_Problem_. Without including any pictures, copy every line below exactly.

====== Information provided

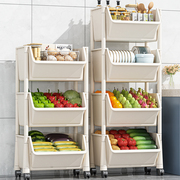 厨房置物架菜篮子落地移动多层储物架放零食，蔬菜水果小推车收纳架
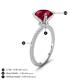 3 - Aisha 3.10 Ctw (8.00 mm) Round Created Ruby with side Lab Grown Diamond Hidden Halo Engagement ring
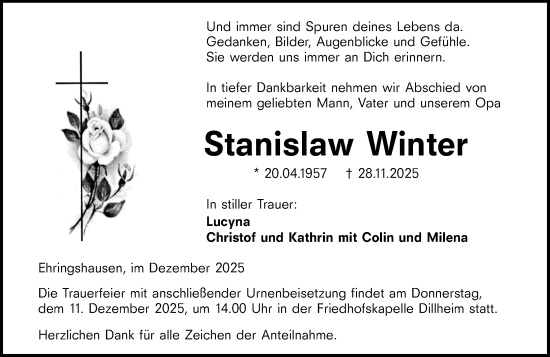 Traueranzeige von Stanislaw Winter von Wetzlarer Neue Zeitung
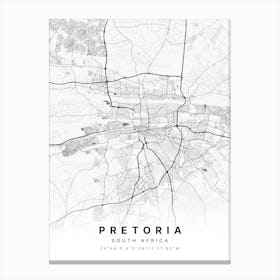 Pretoria South Africa White Map Canvas Print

============

_Task result_.
 厨房置物架菜篮子落地移动多层储物架放零食，蔬菜水果小推车收纳架
 3 - Aisha 3.10 Ctw (8.00 mm) Round Created Ruby with side Lab Grown Diamond Hidden Halo Engagement ring
 Traueranzeige von Stanislaw Winter von Wetzlarer Neue Zeitung
 Pretoria South Africa White Map Canvas Print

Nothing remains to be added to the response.